By combining comprehensive datasets with groundbreaking biology research, scientists are innovating the next generation of sustainable, safe farm inputs: biofertilizers, biocontrols, biostimulants and bio seed-coating products. Nature-based affordable farm inputs give regular farmers the ability to grow residue-free produce with precision and traceability.
“Some farming communities we support were testing the biopesticides and other bio farm inputs from a bio-ag startup. We learned that they were outperforming most existing products in use. That’s when we got interested,” said Dr. Vister Joshi, an agricultural specialist at Uttar Pradesh’s Krishi Vigyan Kendra (Farm Science Center).
For the first time, smallholder farmers have a chance to ship their products to the global market without having to worry about the cumbersome sales, supply chain and fiscal processes. All this would be impossible without agtech companies offering precision advisory-guided scientific cultivation practices, use of integrated crop management practices, farm inputs availability, along with a window to global buyers with full traceability. What better way than this to raise their incomes? Ultimately, that's the only true way forward to build a shared future where people and the planet win as one.
Seven years to the SDGs
The deadline for fulfilling the UN Sustainable Development Goals is only seven years away, in 2030. Some of the targets pertaining to agricultural include:
- Creating a world free of hunger by 2030.

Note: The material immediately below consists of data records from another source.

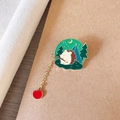 Broche hérisson mignonne en métal avec chaîne dorée et pendentif pomme rouge - Hérisson pêchant une pomme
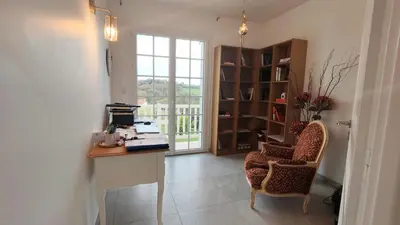 Télévision ou salle de divertissement dans l'établissement Cosy Orchidée - Villa Élégance, Piscine & Pyrénées 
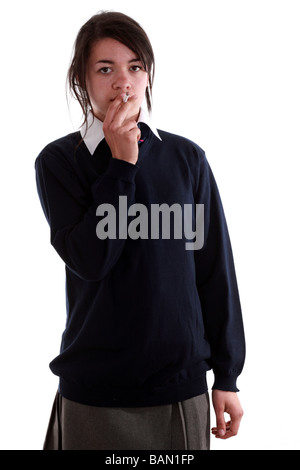 Fille de l'école en uniforme avec la cigarette - question sociale jeunesse série - 14 Avril 2009 Banque D'Images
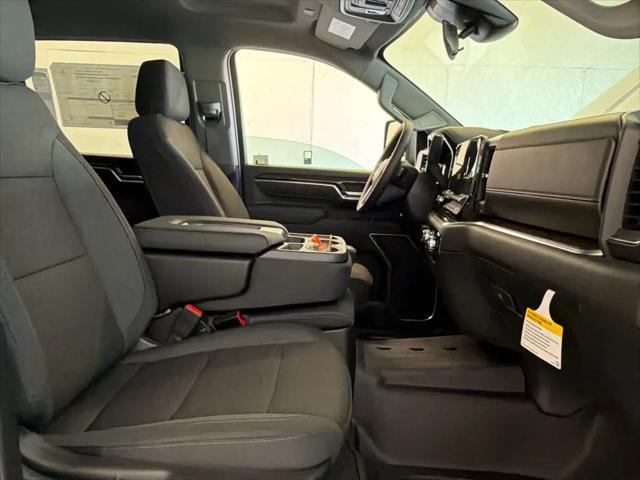 2026 GMC Sierra 2500HD Crew Cab, Standard Bed, SLE, 4WD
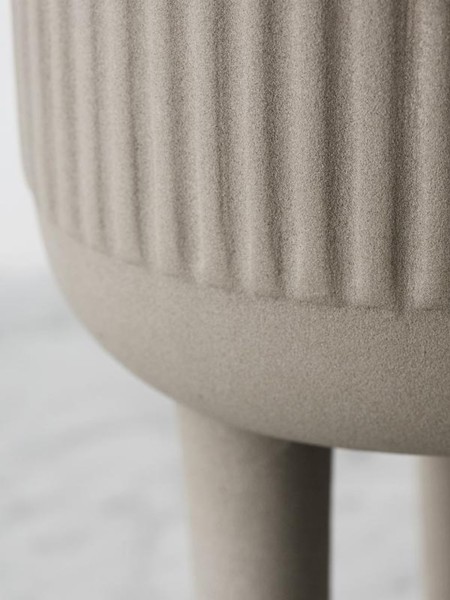 Terracotta-planter-Nils-S-kristinadam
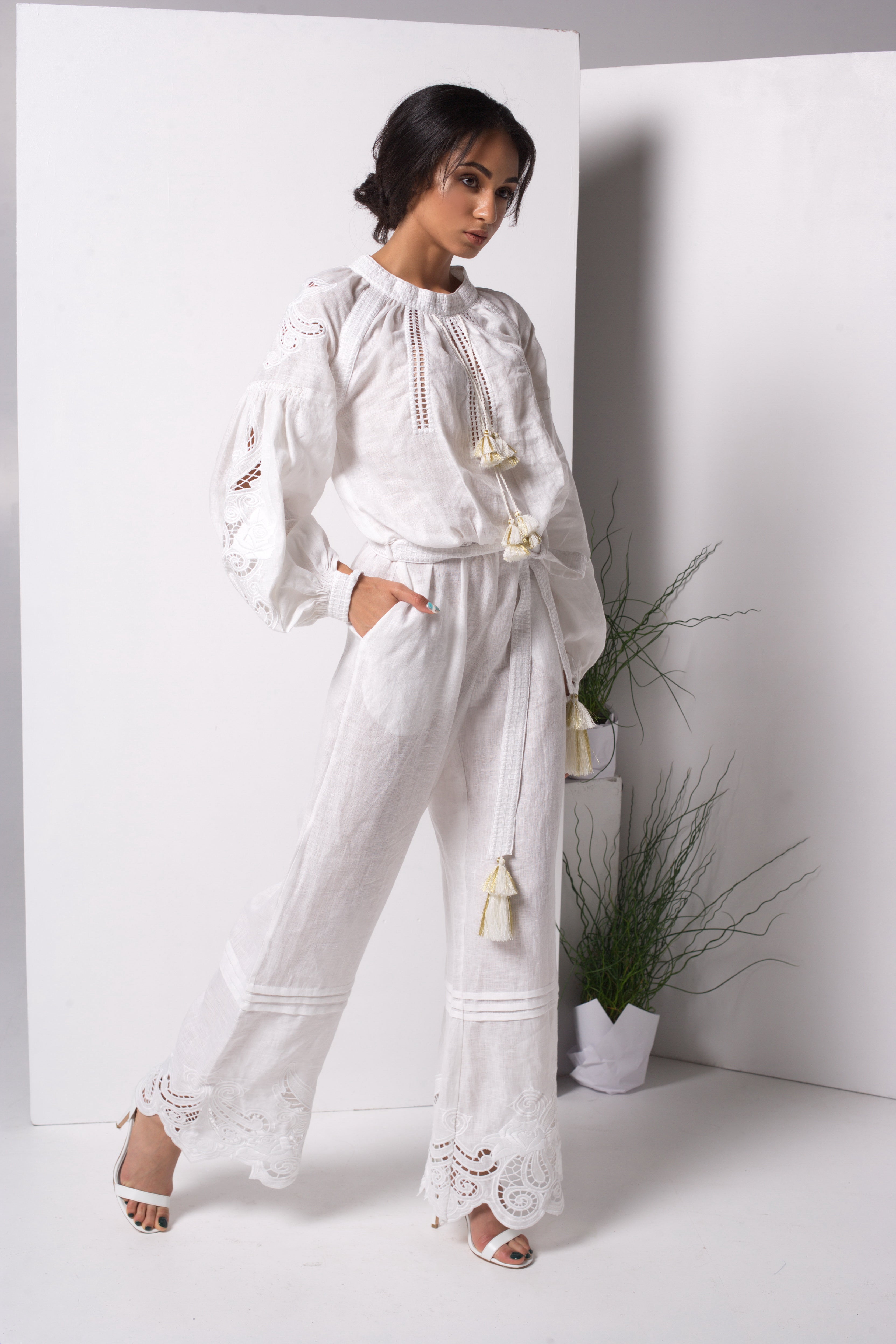 Annabo Rose Richelieu White Jumpsuit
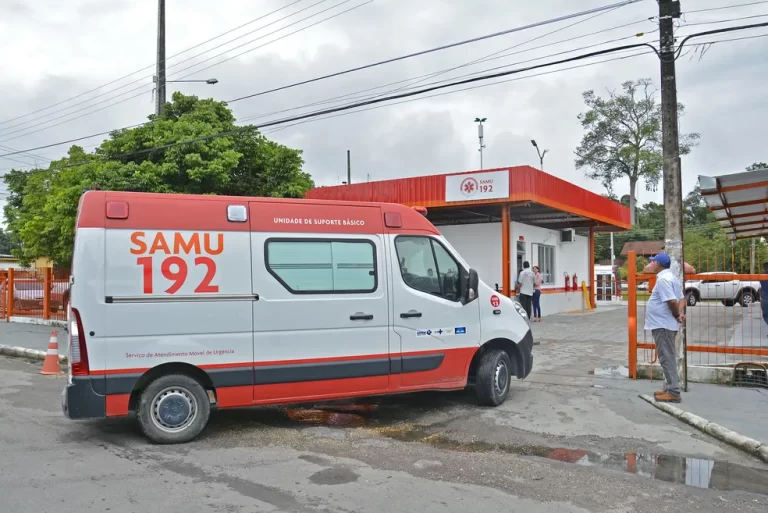 Homem é baleado nos pés e corre em busca de ajuda no bairro Zumbi, em Manaus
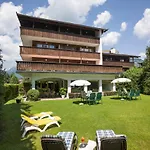 ホテル Austria 4*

- Doubling the agricultural productivity and incomes of small-scale food producers.
- Ensuring sustainable food production systems and implementing resilient agricultural practices.
Leaders from the food and agri industry such as UPL’s OpenAg have witnessed the potential and are now backing similar initiatives. Many more such collaborations are required globally. India is well positioned to be a testbed for food-system innovations that are likely to work elsewhere. “It has several agro-climatic zones with a range of income levels across farmer groups. If a product or service performs in India, it can also perform globally very well,” said Dr. Dhiraj Singh, former Director of the Indian Council of Agricultural Research.
What is the World Economic Forum doing to help ensure global food security?
A single entity can’t come close to achieving these lofty targets. We need an accelerated model of co-innovation and commercialization. In Absolute’s case, it’s phenomenal to see how scientists have moved from the US, South Korea, Israel, Africa, the UK and other parts of the world to support such an initiative in India. “Our world needs fundamental science-led ecosystem enablers in each country. Imagine what can happen if many such ecosystems come together the world over,” said Dr. Shivendra Srivastava, of the Indian Institute of Agriculture Economics and Policy Research.